Kondisi yang sebenarnya tidak jauh berbeda ketika diperlakukannya PPKM. Masih adanya pembatasan aktifitas masyarakat namun tidak seketat PSBB. PPKM sebagai alternatif dari pemerintah untuk menghidupkan kembali perekonomien yang sempat tersendat. Tempat wisata mulai di buka, resoran dan pusat perbelanjaan mulai banyak pengunjung. Walaupun dengan berbagai persyaratan mulai dari pembatasan kapasitas, pengunjung harus bermasker, harus scan barcode peduli lindungi bahkan ada suatu tempat yang diwajibkan mencuci tangan sebelum masuk tempat tersebut. tempat wisata dengan jumlah masyaakat yang terpapar sedikit sudah boleh dibuka. Masyarakan mulai di sarankan untuk berwisata setelah sekian lama pergerakannya dibatasi.

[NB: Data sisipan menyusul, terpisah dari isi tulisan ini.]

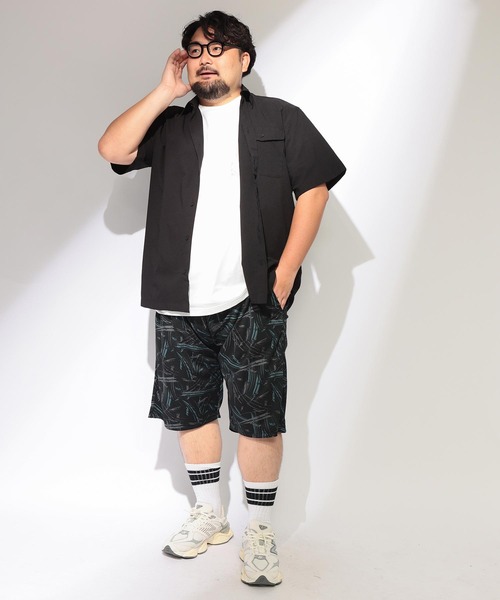 B&T CLUB(ビーティークラブ)の「ショートパンツ 短パン メンズ ハーフパンツ 大きいサイズ ハニカムメッシュ 総柄 ストレッチ ショーツ アウトド アスポーツ B&T CLUB ビーアンドティークラブ(その他パンツ・メンズ・A/B/D/C・X3(6L~7L)/X1(3L~4L)/X4(8L~9L)/X2(4L~5L))」の11枚目の写真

Kedua kebijakan tersebut memang banyak polemik. Polemik yang terjadi ini sangat dipengaruhi oleh sosial media. Mulai dari munculnya panic buying sebelum diberlakukannya PSBB, perekonomian untuk masyarakat menengah ke bawah yang semakin susah, panic attac ketika keluar rumah, PHK di beberapa perusahan dan banyaknya UMKM yang gulung tikar karena kebijakan PSBB dan PPKM. Namun ada hal positif yang diperoleh dalam kondisi ini dan sesuatu yang tidak mungkin bisa menjadi mungkin. Misalnya rapat bisa dilakukan secara online dan dapat menghemat APBN, Pelajaran jarak jauh, belanja online lebih bervariasi mulai dari bahan pokok, pakaian bahkan makanan siap saji.
Alternatif solusi dari pemerintah ini menurut saya sudah merupakan keputusan terbaik dan sudah dipertimbangkan dari berbagai sektor. Indonesia tidak berani mengambil kebijakan lockdown bisa jadi karena perekonomian Indonesia tidak mampu untuk menopang kebutuhan masyarakat 100% . Disisi lain ketika lockdown perekonomian berhenti 100% juga. Jika dibiarkan mungkin Indonesia bisa bangkrut. Terlepas ada berbagai issu dan berbagai kepentingan orang tertentu yang dapat merugikan orang lain. salah satunya yaitu terjadinya kelangkaan masker sekali pakai yang menyebabkan harga masker cukup mahal. Masker merupakan kebutuhan pokok masyarakat Indonesia di era pandemi. Sebagai alternatif solusi beberapa konveksi membuat masker kain yang bisa dicuci dan digunakan kembali.